»»

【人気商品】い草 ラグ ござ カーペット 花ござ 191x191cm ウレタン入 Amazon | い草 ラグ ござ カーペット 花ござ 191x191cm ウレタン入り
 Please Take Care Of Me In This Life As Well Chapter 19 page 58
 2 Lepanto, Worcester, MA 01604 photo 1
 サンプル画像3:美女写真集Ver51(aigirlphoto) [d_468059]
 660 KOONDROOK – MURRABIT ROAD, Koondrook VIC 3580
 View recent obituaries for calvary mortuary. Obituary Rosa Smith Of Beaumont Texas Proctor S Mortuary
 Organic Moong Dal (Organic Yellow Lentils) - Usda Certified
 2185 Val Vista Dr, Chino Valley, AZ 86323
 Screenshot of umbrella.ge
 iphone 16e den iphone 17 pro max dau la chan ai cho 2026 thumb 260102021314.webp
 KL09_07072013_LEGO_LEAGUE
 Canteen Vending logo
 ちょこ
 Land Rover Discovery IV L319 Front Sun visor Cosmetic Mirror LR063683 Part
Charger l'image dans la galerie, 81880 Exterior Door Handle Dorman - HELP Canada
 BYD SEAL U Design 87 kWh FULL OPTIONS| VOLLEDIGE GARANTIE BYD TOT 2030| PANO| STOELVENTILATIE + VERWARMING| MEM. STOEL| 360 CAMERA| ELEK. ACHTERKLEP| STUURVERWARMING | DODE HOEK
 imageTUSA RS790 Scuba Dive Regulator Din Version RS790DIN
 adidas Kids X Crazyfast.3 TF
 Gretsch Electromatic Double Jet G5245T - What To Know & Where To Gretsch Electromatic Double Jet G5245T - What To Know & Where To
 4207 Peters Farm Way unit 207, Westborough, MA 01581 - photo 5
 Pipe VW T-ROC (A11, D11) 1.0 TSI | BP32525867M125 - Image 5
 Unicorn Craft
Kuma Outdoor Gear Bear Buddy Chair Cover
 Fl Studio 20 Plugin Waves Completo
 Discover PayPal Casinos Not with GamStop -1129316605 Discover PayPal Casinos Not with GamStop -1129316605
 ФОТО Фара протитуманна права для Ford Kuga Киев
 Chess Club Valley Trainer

««

> EXERCISE DIRECTIONS
Please give back the records exactly as written, beginning at the first line and including the line that holds "660 KOONDROOK –" as the last.

> SOLUTION TO THIS PROBLEM
【人気商品】い草 ラグ ござ カーペット 花ござ 191x191cm ウレタン入 Amazon | い草 ラグ ござ カーペット 花ござ 191x191cm ウレタン入り
 Please Take Care Of Me In This Life As Well Chapter 19 page 58
 2 Lepanto, Worcester, MA 01604 photo 1
 サンプル画像3:美女写真集Ver51(aigirlphoto) [d_468059]
 660 KOONDROOK – MURRABIT ROAD, Koondrook VIC 3580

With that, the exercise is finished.